With Our Family Wizard, it becomes easy to tell who is complying with court orders, and who is not. Kissoon relates why one judge said he liked the software: “It gives people enough rope to hang themselves.”
In an early pilot program for the software, a judge ordered 40 families to communicate only through Our Family Wizard. For two years, none of the families were back in court.
Testimonials
The Our Family Wizard website includes testimonials from parents. “Manuel S” wrote:
I am thankful to this avenue of communication. It has controlled the nasty phone calls from my ex-wife to me and my wife, and has put an end to her foul language since she is aware the content of messages is monitored. I have documentation to avoid he said she said situations and her violations of my rights to see my kids!”
Penny says the website works. “Please mention to readers that they can request that Our Family Wizard be ordered by the judge hearing their case,” she wrote. “The judge can order the Our Family Wizard email as the sole means of communication between couples litigating a child custody/visitation dispute.”
For more information, visit the website below. If you decide to subscribe to OurFamilyWizard, Lovefraud will earn a commission from your purchase.
ErinBrock-one more thing. I, too, have been thinking about the 2 nannies that are gone. (He also had an entire office staff do a mass exodus on him including a physician partner who won’t talk to him…I never found out what happened of course he spun it to be about them! and at that time I still believed him because what he did, and I even kind of recognized this then..was he became super super nice and kind to me, made me feel like his friend and partner (like I always wanted and asked for and he said his first wife told him the same thing!) and I see that I was probably his only friend and ally at that moment when the entire offie up and quit. interesting…I tried to talk to one of the staff during the divorce but she didn’t want to go there and I don’t blame her. But I do have the nannies phone numbers and am trying to figure out a way to open up a dialogue with them. My fear is they tell him and when I do stuff “to” him he gets more vindictive towards me. another thing, his first wife, the one I visited in Atlanta (I wrote in my bio i think) she is pretty well known in Atlanta, works wtih Give Back a Smile and we did a shoot for New Beauty magazine on domestic violence. About 8 of us where in the photo all talking about dv and she was on the Atlanta news talking about our ex and the fact he was getting remarried again (this was 2006)…his father, a dentist in the south, and my spath both got the magazines delivered to them apparently by his first wife but it set him off against me. so there we are, his two wives in a photo shoot about DV. Unfotunately it did nothing for me in court.
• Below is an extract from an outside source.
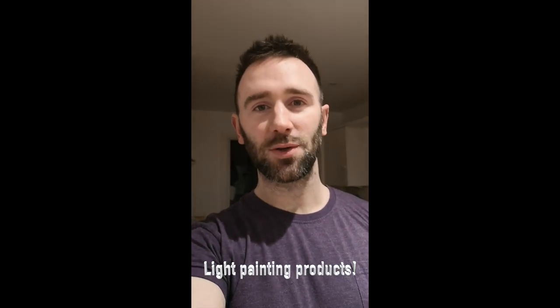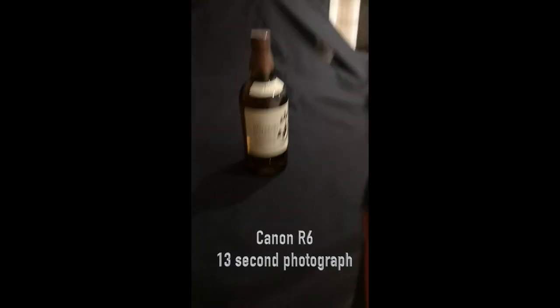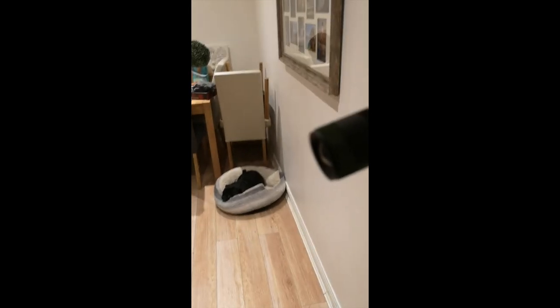Hey everyone, I'm going to do some light painting product photography. Watch this. I have a bottle of Japanese whisky that a good friend has got me, and I'm going to turn the lights out and use my torch to paint it with light.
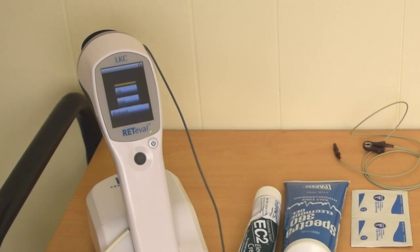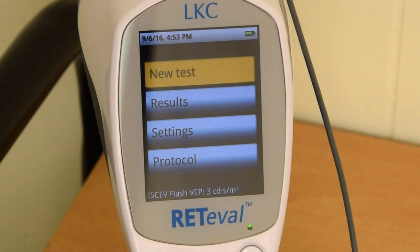Before running your VEP test, you want to make sure that you are using the correct protocol. Check the bottom of the screen to confirm the protocol you are using is correct. Once you have confirmed the correct protocol, you can start the test.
No one believed it. No one cared plus I had a horrible attorney. Long story and I have fired several attorneys along the way for incompetence in this area. And the other thing is his cousin, a cousin who does not like him, just got married in may to someone famous in hollywood….I don’t know her that well, although we spent a little time together and she liked my son a lot…I had to keep myself from posting online about their recent wedding and slamming my ex, which would be inappropriate for the cousin! Anyway, wondering how I can utilize these things….if at all. Whenever I try to muscle up to him he gets scary. The eyes of his are still so scary to me. You can see the evil.
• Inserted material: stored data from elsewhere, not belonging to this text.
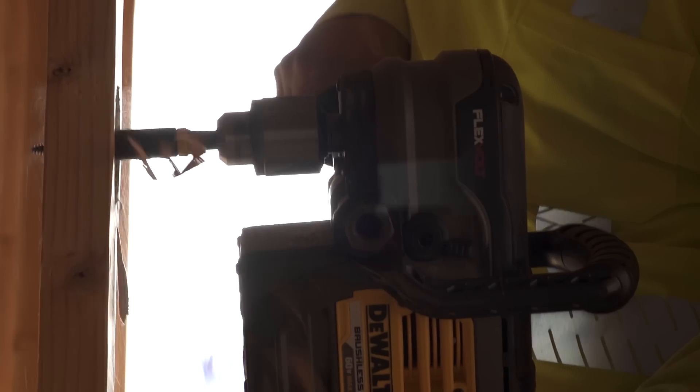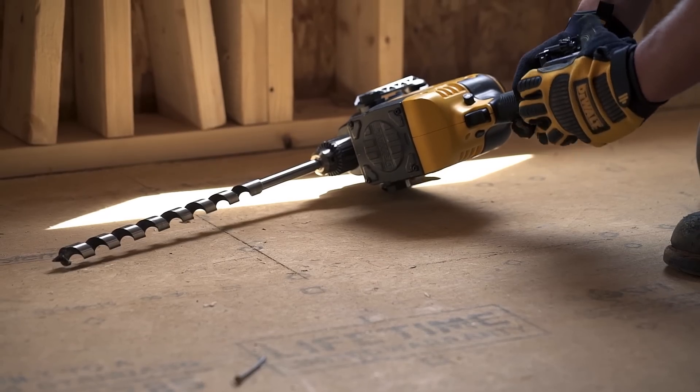It definitely gave the amount of power that I needed and it cut really nice. I always want a cordless tool over a corded tool. It allowed me to have some freedom in my movement and my arms.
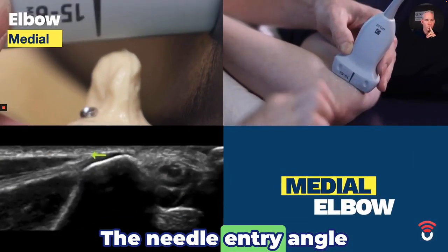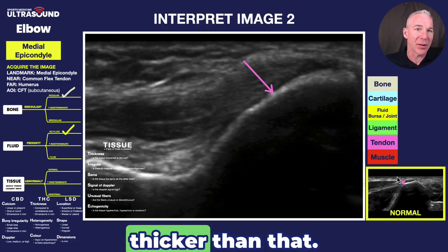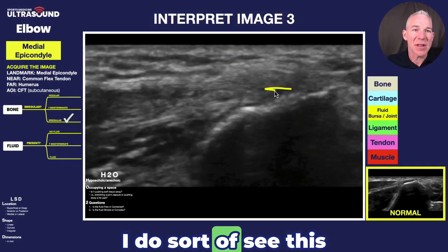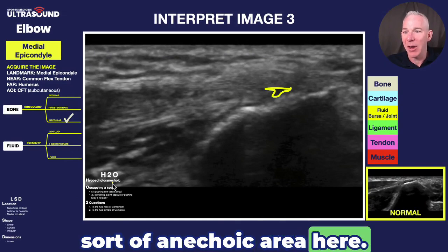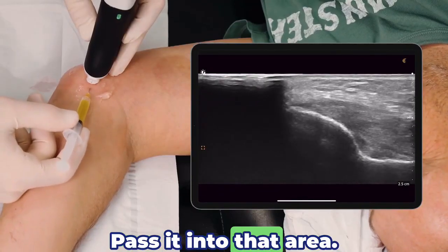The needle entry angle is — that's significantly thicker than that. I do sort of see this anechoic area here. Next thing you know, I've got a one-inch needle, pass it into that area.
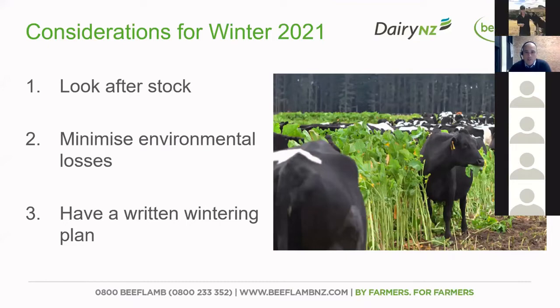I'm going to run through some of the principles around good wintering management. The three key things to do this winter: looking after your stock in terms of animal welfare, minimizing your environmental losses in terms of reducing nutrient losses — sediment, phosphorus, nitrogen, and E. coli — and making sure that you've got a documented winter grazing plan. That's a really key part of what we're promoting this winter.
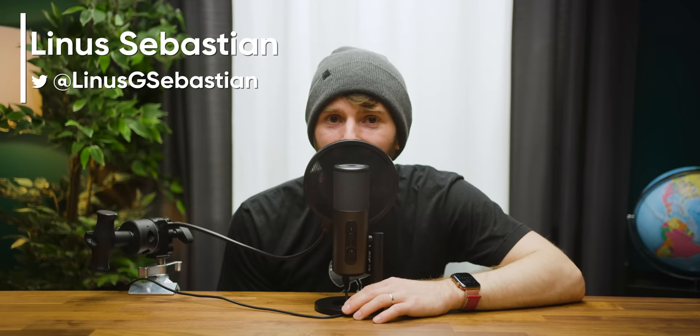I've brought some friends to help out. Hi guys. Hi. Hello. Hey. Hello. Let's get started.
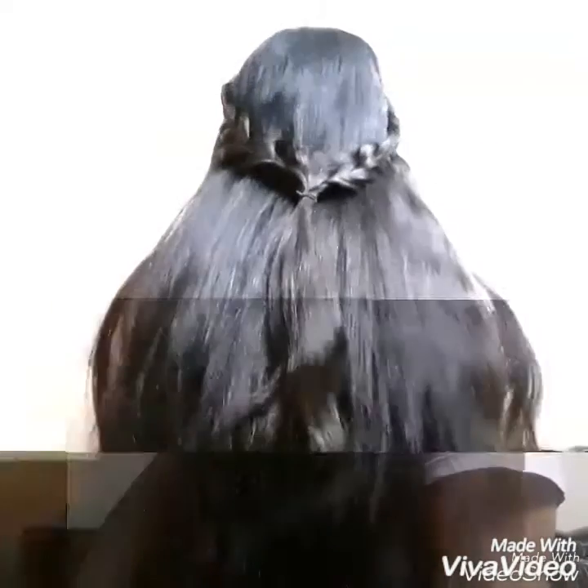Dear one, welcome back to my channel. So if you know how to do this quality hairstyle for medium to long hair, then keep on watching.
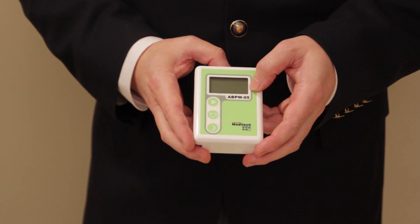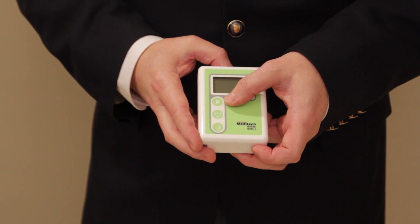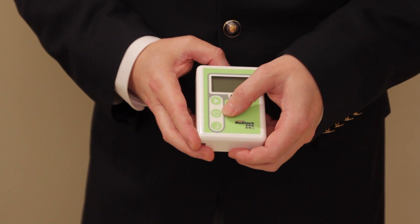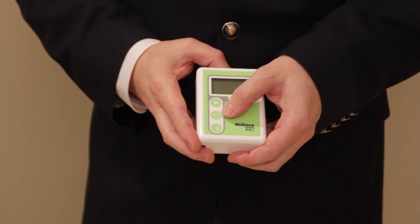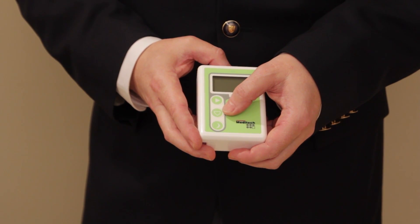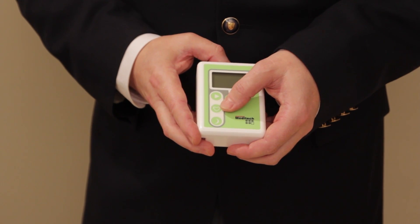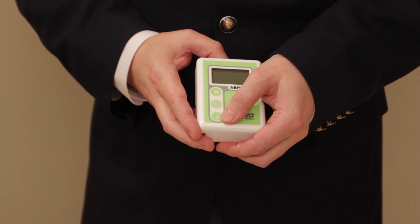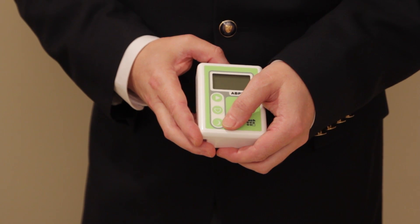The device has three buttons. This button lets you start an extra manual measurement in addition to programmed measurements. The middle button marked with a heart is to mark events. Whenever a patient takes a medication, has some strange feeling, or wakes up, they can simply push this button to set an event marker, which the device will store in its memory. The last button lets the patient switch from day to night mode if the device is so programmed.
Hugs to all of you out there surviving this….
Dear Chinagirl,
I hear your pain, and your panic, and your frustration. You’ve got a lot on your plate GF! I definitely understand that.
First off, your “one huge paragraph” posting makes it hard for an old woman like me to read it. Post AS MUCH AS YOU WANT, but please divide it up into paragraphs some how if you can. LOL
If you are an APN and got through anesthesia school you are a bright woman, so I know you can use that brain power to help you get your stuff together.
Right now, don’t even think about “muscling up” on him. I muscled up on my P-son and almost got killed for my trouble. Right now, make YOURSELF THE FOCUS OF YOUR HEALING.
Remember on an airliner when they tell you if the oxygen masks drop and you have a child with you, put YOURS ON FIRST and then the one on the child. Because if you are not functional, you CANNOT HELP SOMEONE ELSE.
Are you reliably able to communicate with your daughter by telephone or letter/card? If so, call her regularly. Send her a card of some kind almost every day if you know she is getting them. Visit as often as possible.
Right now, your energy is limited, just like time is limited, or money, energy to heal is part of what you need to reserve for yourself.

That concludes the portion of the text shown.